• **RECORDS SHOWN**:
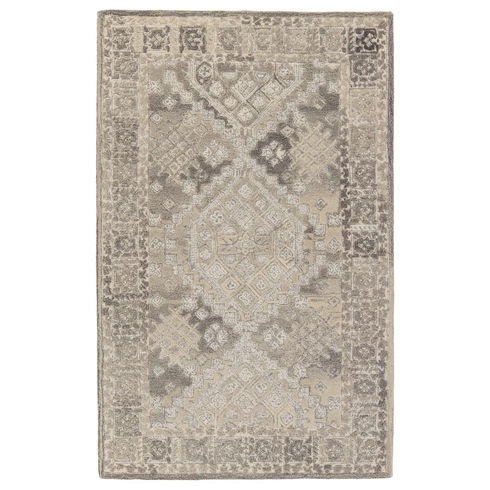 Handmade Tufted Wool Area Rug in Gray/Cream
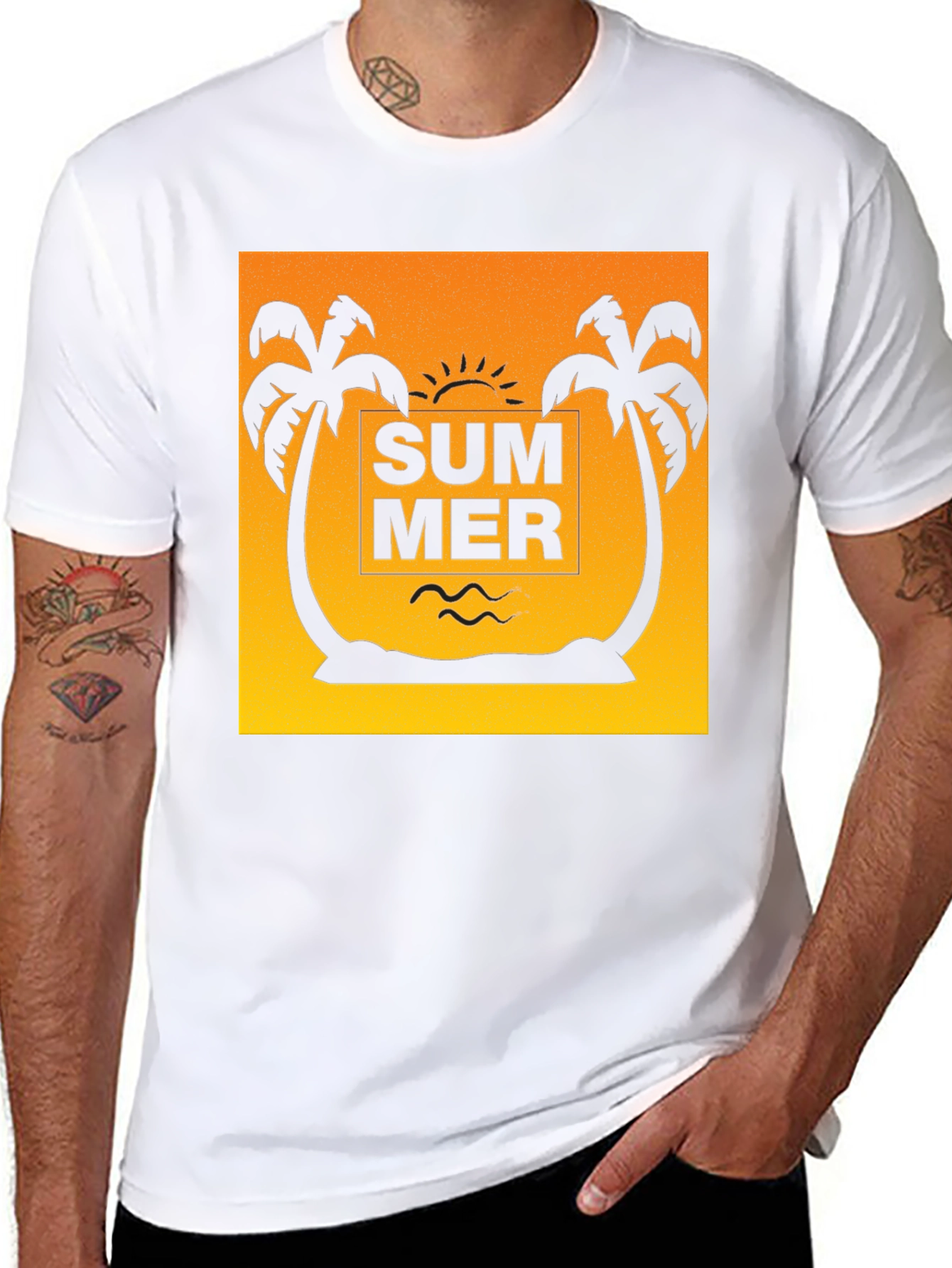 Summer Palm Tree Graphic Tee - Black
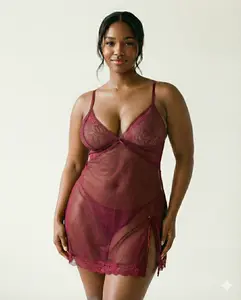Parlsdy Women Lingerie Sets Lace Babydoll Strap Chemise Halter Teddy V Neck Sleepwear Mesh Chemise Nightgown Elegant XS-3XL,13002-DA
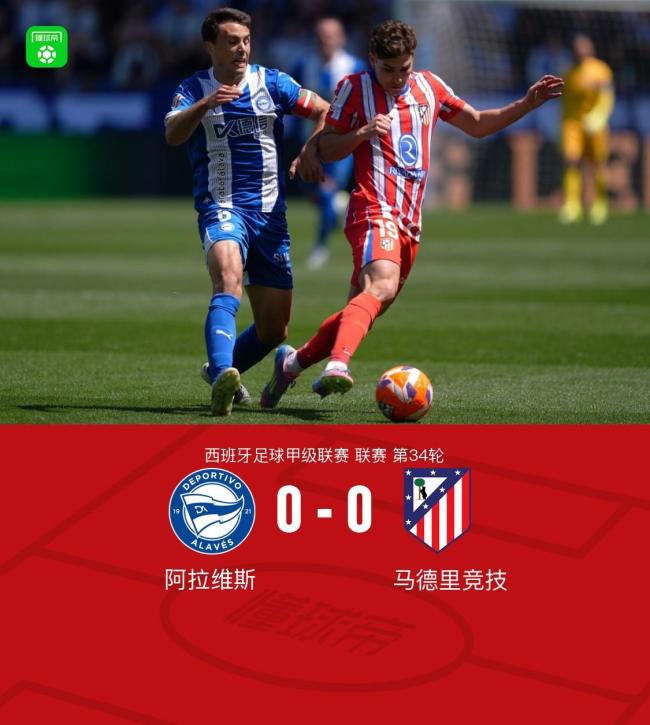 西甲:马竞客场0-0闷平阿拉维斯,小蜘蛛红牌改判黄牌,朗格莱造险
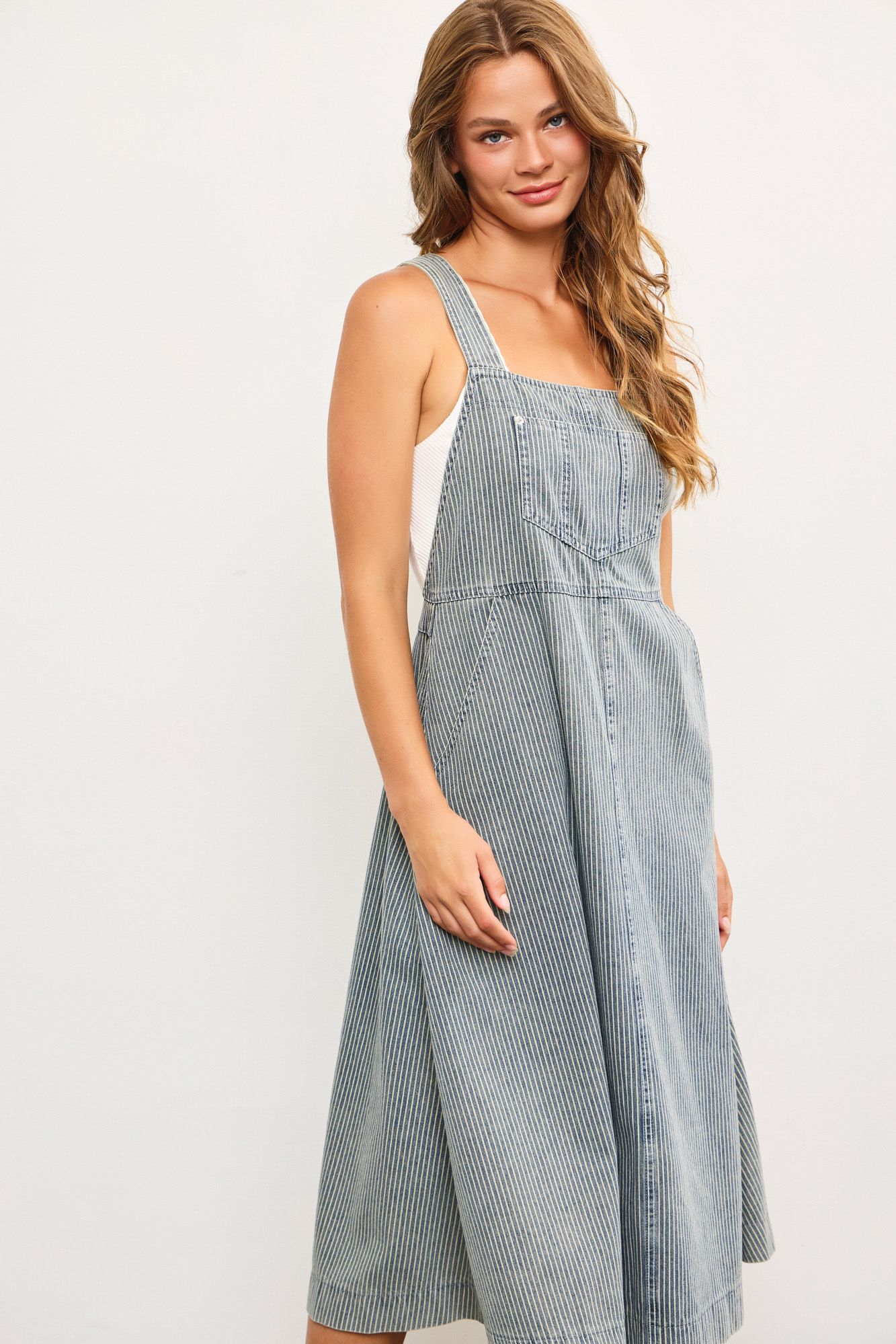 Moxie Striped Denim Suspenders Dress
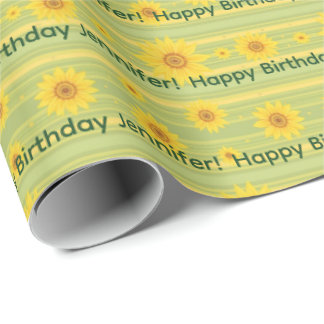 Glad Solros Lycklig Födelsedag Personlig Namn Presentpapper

• **WORK TO COMPLETE**: Only the lines from the one containing "Parlsdy Women Lingerie" through the end of the data above are to be output, exactly and without pictures.

• **OUTPUT FOR THIS EXERCISE**:
Parlsdy Women Lingerie Sets Lace Babydoll Strap Chemise Halter Teddy V Neck Sleepwear Mesh Chemise Nightgown Elegant XS-3XL,13002-DA
 西甲:马竞客场0-0闷平阿拉维斯,小蜘蛛红牌改判黄牌,朗格莱造险
 Moxie Striped Denim Suspenders Dress
 Glad Solros Lycklig Födelsedag Personlig Namn Presentpapper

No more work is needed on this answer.